Les débats parlementaires en cours sur le projet de loi relatif à la transition énergétique pour la croissance verte sont particulièrement intéressants en ce qu'ils démontrent que le débat sur le nucléaire évolue sensiblement. Ce qui est sans doute dû au fait que la question la plus débattue n'est plus tout à fait la même. Mais aussi que les personnes qui débattent ne sont pas non plus les mêmes.
Depuis le lancement du programme électro-nucléaire français, le débat sur le nucléaire dépassait de loin le clivage droite/gauche et s'organisait principalement sur la question de la sûreté et de la sécurité. En schématisant, la sécurité de l'approvisionnement était opposée à l'insécurité du fonctionnement.
Très récemment encore, le Parlement a pu redire sa confiance dans ce programme. Ainsi, l'article 4 de la loi n° 2005-781 du 13 juillet 2005 de programme fixant les orientations de la politique énergétique, dispose :
"L'Etat veille à conserver, dans la production électrique française, une part importante de production d'origine nucléaire qui concourt à la sécurité d'approvisionnement, à l'indépendance énergétique, à la compétitivité, à la lutte contre l'effet de serre et au rayonnement d'une filière industrielle d'excellence, même si, à l'avenir, il fait reposer, à côté du nucléaire, la production d'électricité sur une part croissante d'énergies renouvelables et, pour répondre aux pointes de consommation, sur le maintien du potentiel de production hydroélectrique et sur les centrales thermiques."
Cet article est intéressant car il intègre un nouvel argument des partisans du nucléaire : il s'agirait d'une énergie "décarbonée", utile pour réduire les émissions de gaz à effet de serre à l'origine du changement climatique.

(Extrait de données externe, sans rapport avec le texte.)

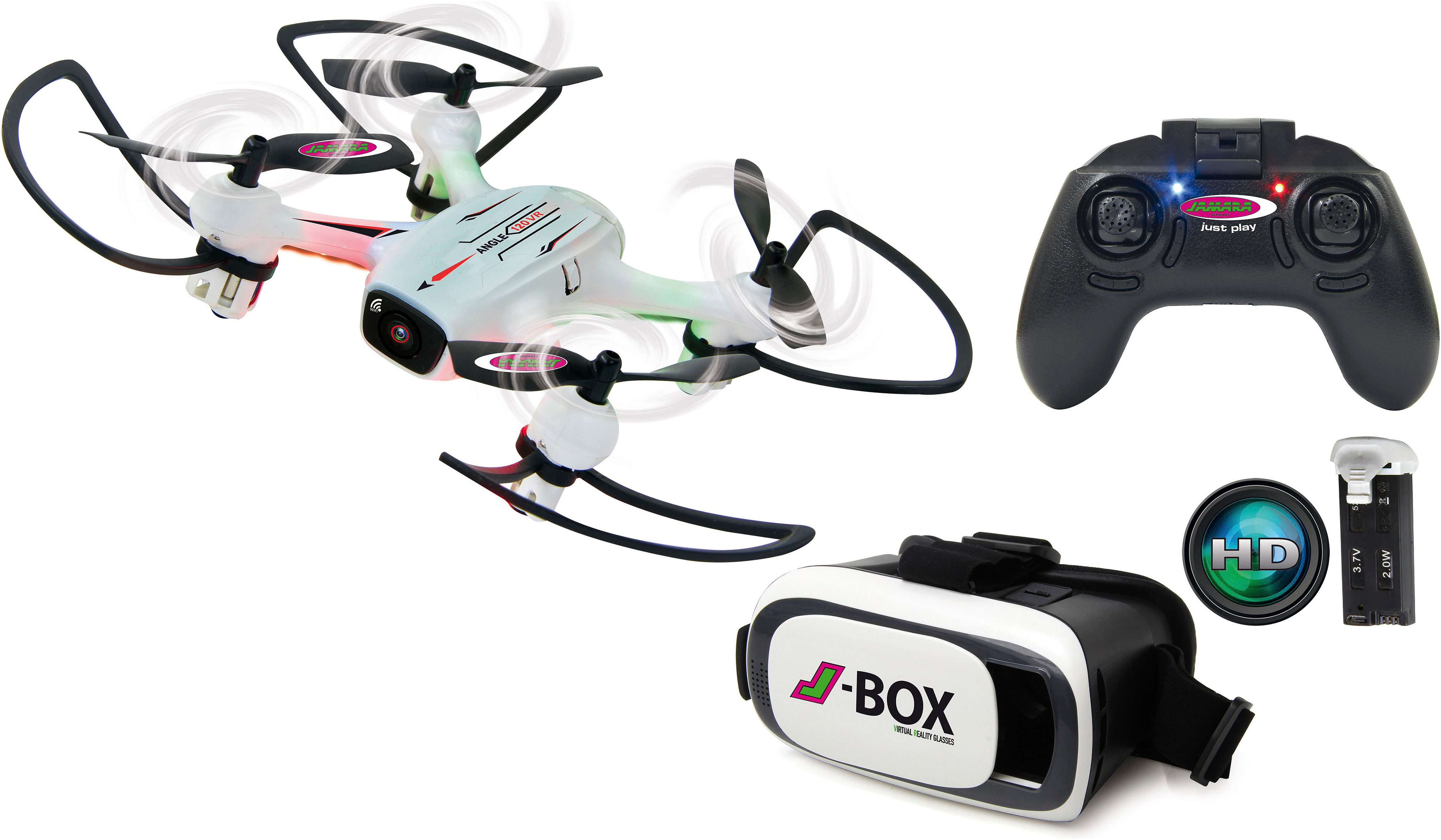 Jamara RC-Quadrocopter Angle 120 VR Wide Angle Drone Altitude HD FPV Wifi, mit LED-Licht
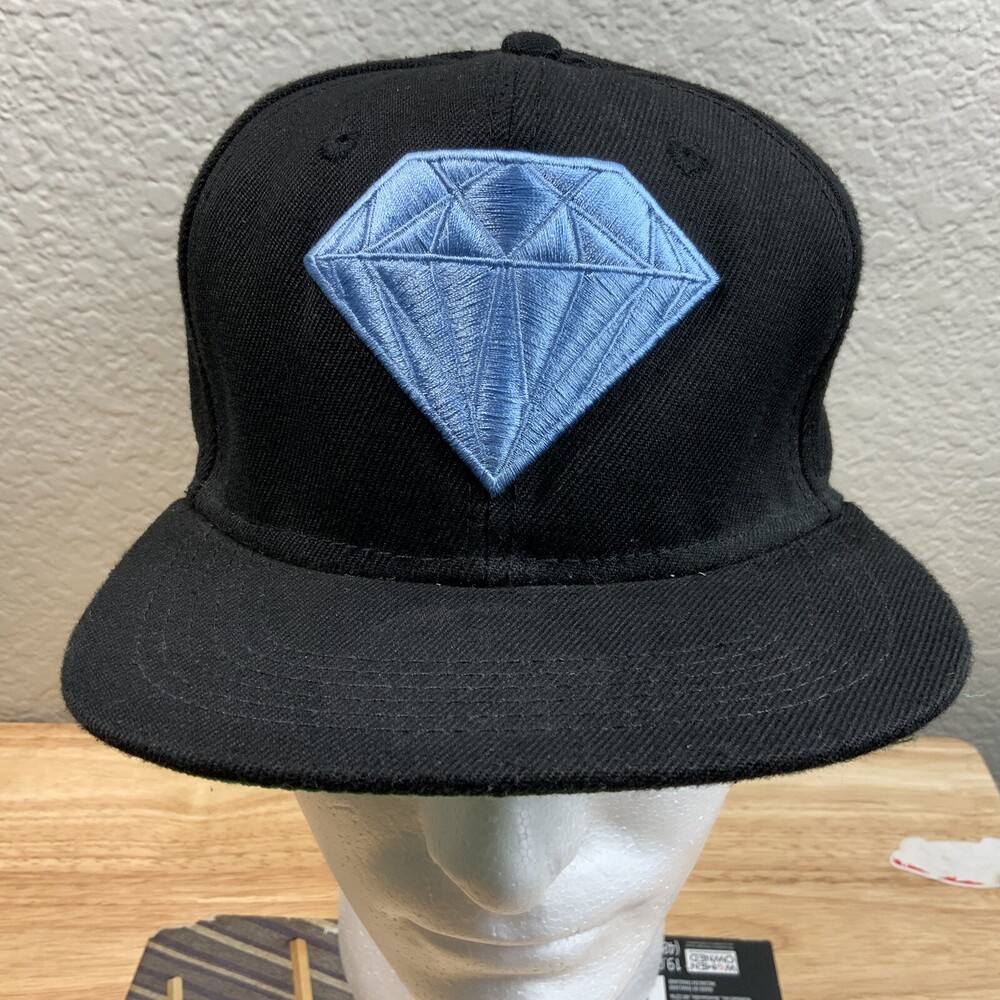 Diamond Supply Hat Cap Snap Back Black Green Logo Skater Streetwear Mens
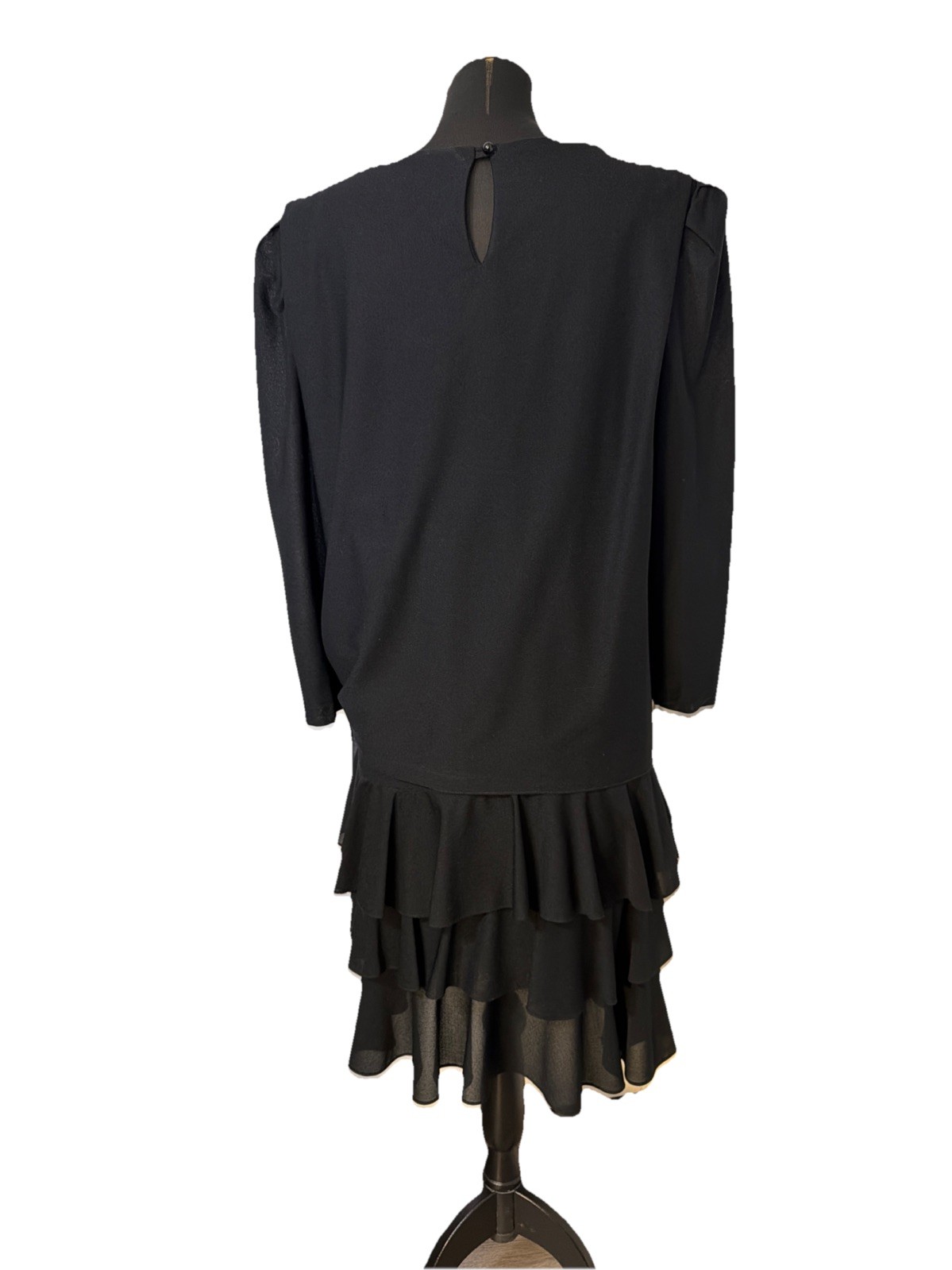 JF Vintage Dress Black Long Sleeve Layered Ruffle Tiered Skirt Drop Waist Sz 18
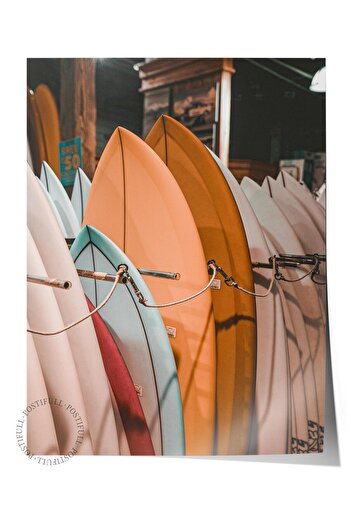 Postifull Frameless Poster, Summer Themed Painting No:226, Surfboards Photo, Yellow Poster, Vertical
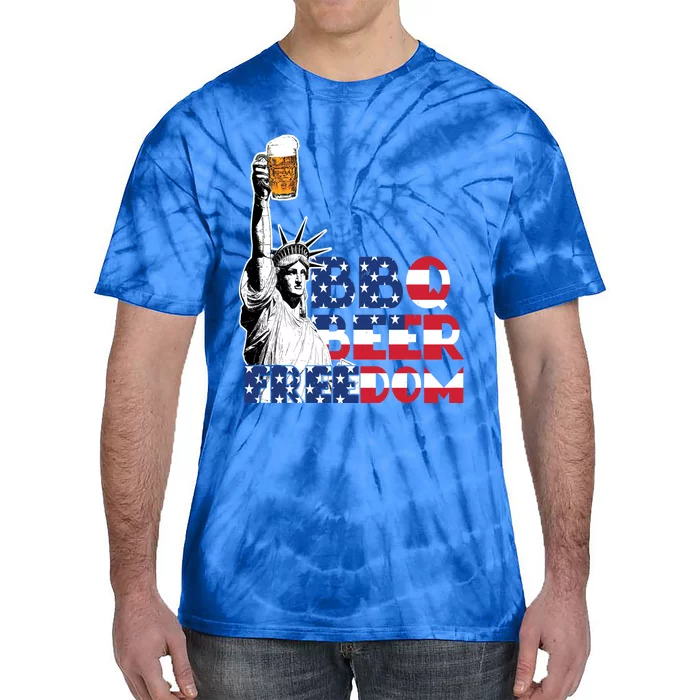 Liberties Bbq Beer Freedom 4th Of July Ing Beer Lovers Gift Tie-Dye T-Shirt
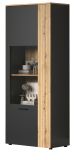 Vitrine Esteban in grau und Evoke Eiche Vitrinenschrank 80 x 195 cm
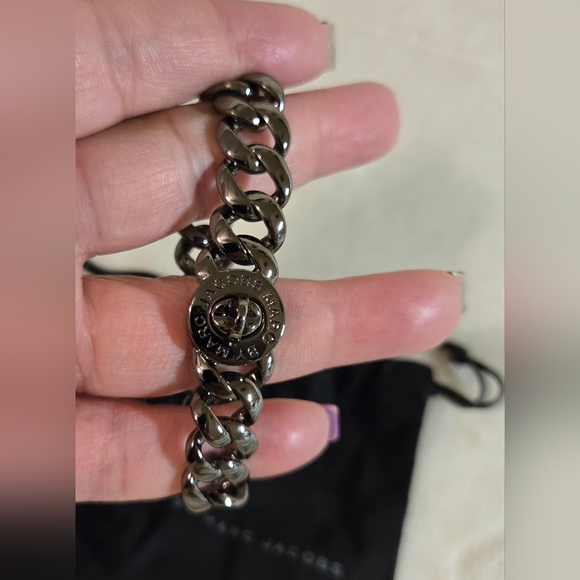 💯 NWT Authentic Marc by Marc Jacobs Katie Link Bracelet- Hermatite - Picture 2 of 6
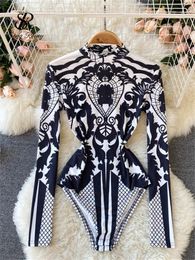 Women's Jumpsuits Rompers SINGREINY Design Autumn Print Rompers Women Stand Collar Long Sleeve Slim Jumpsuits Chic Fashion Sexy Bodycon Short Bodysuit 230707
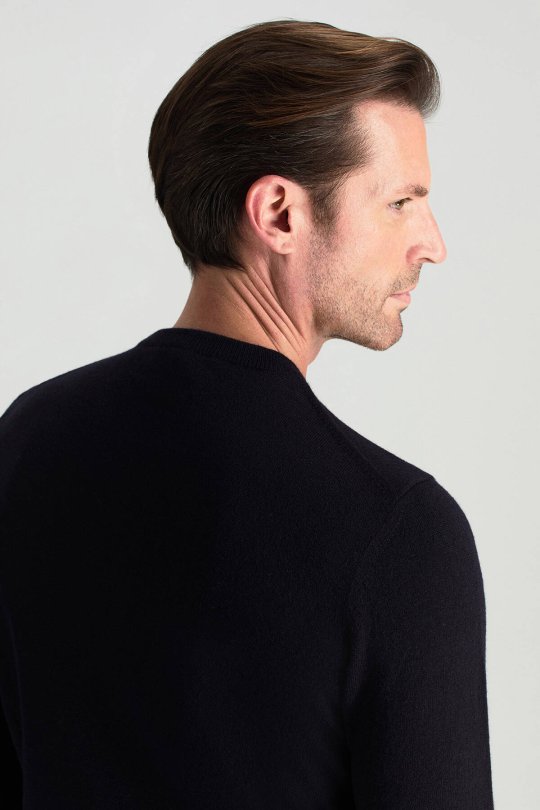 Merino Yünü Bisiklet Yaka Lacivert Triko Kazak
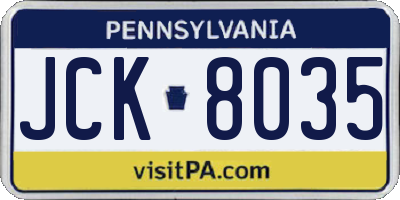 PA license plate JCK8035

Depuis 2005, les termes et conditions du débat sur le nucléaire ont considérablement évolué. Certes, le nucléaire suscite encore bien des passions et nul doute que des députés s'exprimeront avec lyrisme, dans l'hémicycle, la semaine prochaine pour défendre ou pourfendre l'atome.
Un notion nouvelle est cependant apparue et tend à modifier le débat : celle du "mur des investissements". La production d'électricité nucléaire pose aujourd'hui la question de ce "mur" à franchir. Une notion (dont le contenu varie parfois en fonction des personnes) qui renvoie aux investissements à réaliser pour prolonger la durée de vie des réacteurs. Nonobstant, le montant des investissements à réaliser pour mettre à l'arrêt et démanteler d'autres réacteurs.
C'est ainsi que la question du coût du nucléaire est progressivement devenue centrale.
Désormais, parmi les responsables politiques, plus grand monde ne remet en cause véritablement l'objectif de réduction de la part du nucléaire dans la production d'électricité. La question a un peu changé et le débat s'est déplacé : le débat ne porte plus fondamentalement sur l'objectif de réduction lui-même mais sur les moyens et la vitesse pour y parvenir.
L'idée que la part du nucléaire va se réduire se diffuse. L'idée que le nucléaire représente l'avenir énergétique de la France se dissipe.
A ce titre, il est particulièrement intéressant de lire le compte rendu des débats entre les députés membres de la Commission spéciale en charge de l'examen de ce projet de loi.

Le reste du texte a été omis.